Houser helped by Payamps' escape act in sixth
Reliever works out of inherited second-and-third jam to lift Brewers to series win
MILWAUKEE -- The Brewers were looking for something to reverse their recent string of series losses, and maybe their performance on Wednesday afternoon was it.
Adrian Houser retired 14 consecutive batters during one stretch of his second straight scoreless start, and Willy Adames, Owen Miller and Brian Anderson homered in the Brewers’ 4-0 win over the Astros at American Family Field.
The Astros, after busting loose for 12 runs while beating Corbin Burnes in the opener of this three-game set, now have absorbed their first back-to-back shutout losses. Behind solid starts from Colin Rea and Houser, the Brewers picked up a series victory after falling in seven of their previous nine series over the past month -- and they didn’t have to deploy closer Devin Williams.
“The team needs it,” Houser said. "We’re thin on starting pitching right now, but you can’t put pressure on yourself. The game’s already hard enough as it is, so you just have to go out there, have fun, relax and go compete your butt off.”
Here are three takeaways:
1. Houser is stepping up
Adames’ two-run home run off Houston starter Brandon Bielak seven pitches into the ballgame allowed Houser to pitch with a lead for most of his 5 1/3 innings.
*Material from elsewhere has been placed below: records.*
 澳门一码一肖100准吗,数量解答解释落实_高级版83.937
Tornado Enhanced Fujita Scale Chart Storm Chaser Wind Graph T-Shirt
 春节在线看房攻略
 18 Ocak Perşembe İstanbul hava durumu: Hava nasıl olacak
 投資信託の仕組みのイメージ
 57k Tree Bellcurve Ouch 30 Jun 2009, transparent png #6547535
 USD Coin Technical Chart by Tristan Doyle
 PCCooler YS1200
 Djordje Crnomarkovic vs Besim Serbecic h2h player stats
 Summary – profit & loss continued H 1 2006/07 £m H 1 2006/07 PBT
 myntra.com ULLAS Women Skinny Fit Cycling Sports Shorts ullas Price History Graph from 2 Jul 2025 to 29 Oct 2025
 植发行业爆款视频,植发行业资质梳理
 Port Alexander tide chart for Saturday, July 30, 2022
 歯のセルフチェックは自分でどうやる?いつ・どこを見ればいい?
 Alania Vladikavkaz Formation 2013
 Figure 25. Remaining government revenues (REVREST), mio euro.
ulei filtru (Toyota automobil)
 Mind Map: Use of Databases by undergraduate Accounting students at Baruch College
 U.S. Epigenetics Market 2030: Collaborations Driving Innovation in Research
Over his past two starts, Houser has scattered six hits and two walks while allowing no runs. He’s pitching to contact, as sinkerballers often do; Houser has only seven strikeouts over that span.
Houser said some mechanical keys have kept him in line: keeping his upper body in what he calls “the pocket” and staying back as long as possible, while getting his front foot down early and not too far down the mound. Lately, those sections of his body have been nicely synched.
The result is a couple of solid starts when the Brewers really needed them.
“I prepared myself as a starter. That’s what I think I am,” Houser said. “When I put in my work, that’s what I plan to do. So to be able to come here and help the team contribute after a short IL stint has been big.”
2. Joel Payamps is this year's escape artist
The Brewers' best bullpens in recent years have had one pitcher who excels at escaping tight spots. It once was Jeremy Jeffress. Then Brad Boxberger. Of late, it has been Payamps, picked up from Oakland along with Contreras in a three-team trade with the A’s and Braves. He has inherited 13 baserunners this season, and only one has scored. Payamps stranded all four of his inherited baserunners over the past two days.
“They’re definitely intense situations, right?” Payamps said. “But you try to treat it as another outing. Try to go in there and be aggressive, attack the zone and try to get an out and let it go on the field.”
Payamps entered in the sixth after Houser, who’d retired 14 in a row before Mauricio Dubon reached on first baseman Rowdy Tellez’s error and Alex Bregman followed with a double. Next up was Houston’s most dangerous hitter, Yordan Alvarez. Houser was only at 73 pitches, but Alvarez had already seen him twice.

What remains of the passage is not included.